Available data:
- - -

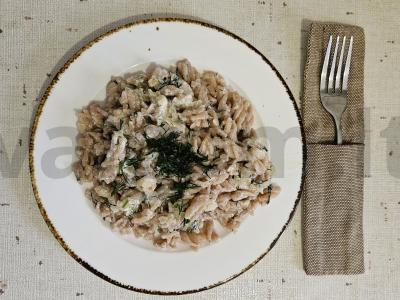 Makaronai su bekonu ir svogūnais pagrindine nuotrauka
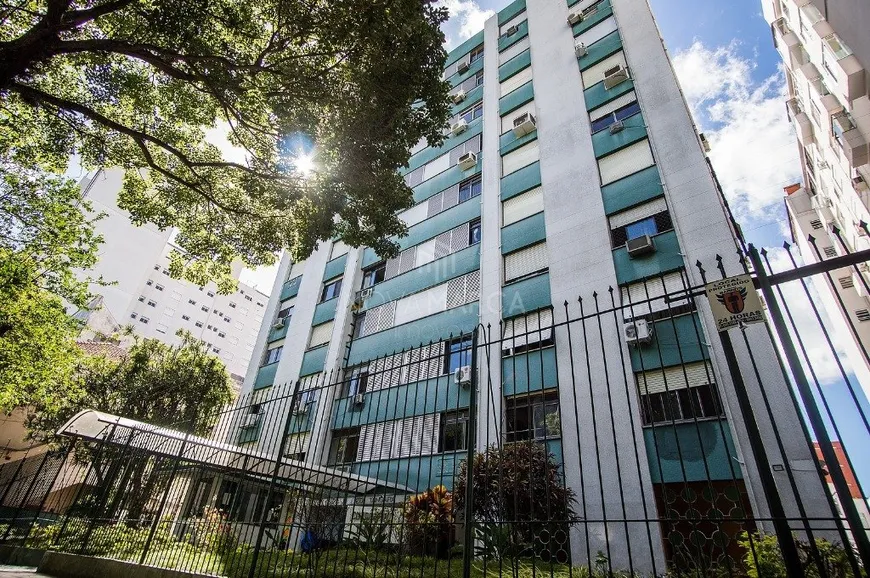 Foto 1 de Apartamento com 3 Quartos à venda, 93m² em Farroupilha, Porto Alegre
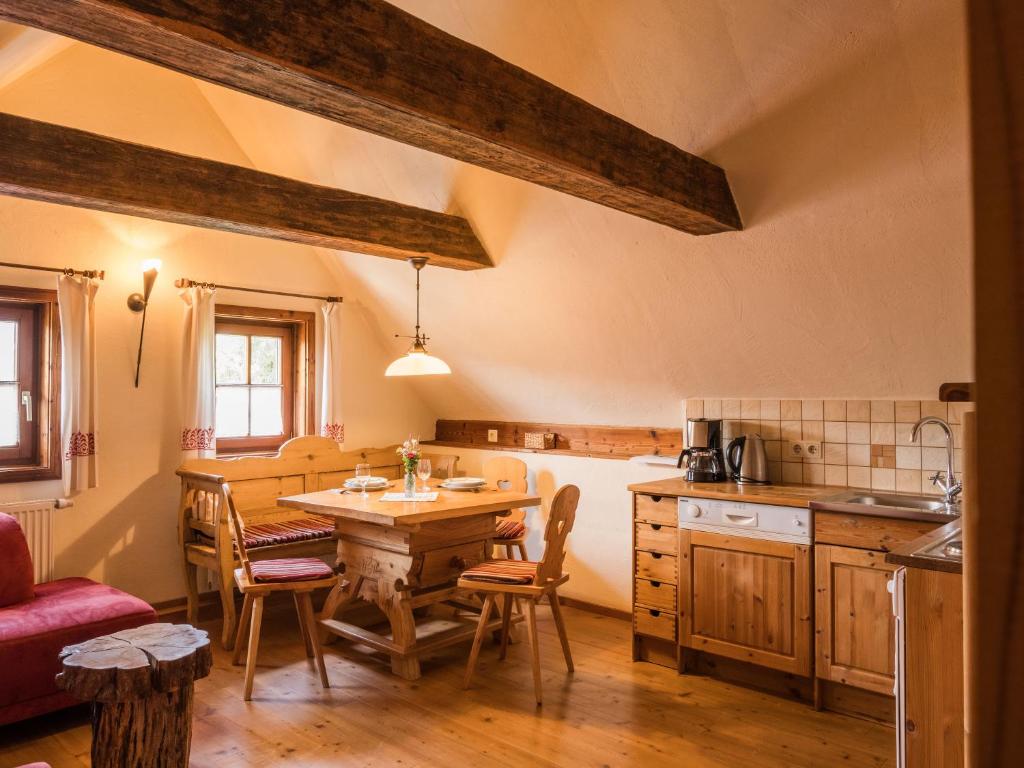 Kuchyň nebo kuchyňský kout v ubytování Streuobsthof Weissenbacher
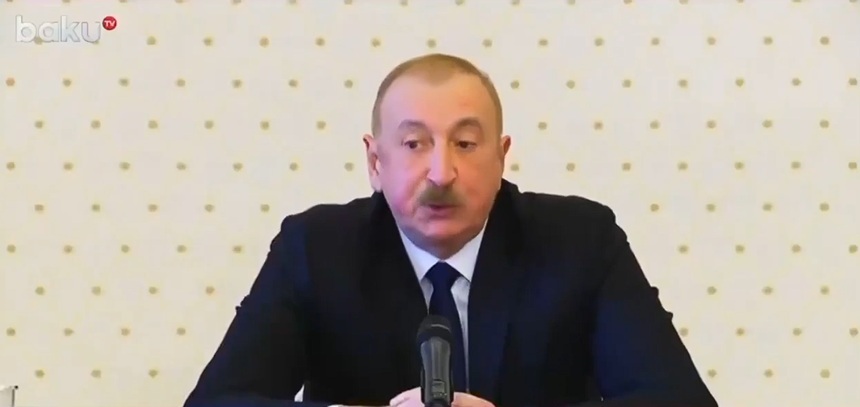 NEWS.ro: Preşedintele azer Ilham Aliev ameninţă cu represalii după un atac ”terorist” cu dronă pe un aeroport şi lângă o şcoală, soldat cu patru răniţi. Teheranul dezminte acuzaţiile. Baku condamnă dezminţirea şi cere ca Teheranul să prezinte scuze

- - -

Activity: Please extract exactly the lines of the data, from the first through the line containing "Kuchyň nebo kuchyňský", and add no pictures to the copy.

Result of this exercise:
 Makaronai su bekonu ir svogūnais pagrindine nuotrauka
 Foto 1 de Apartamento com 3 Quartos à venda, 93m² em Farroupilha, Porto Alegre
 Kuchyň nebo kuchyňský kout v ubytování Streuobsthof Weissenbacher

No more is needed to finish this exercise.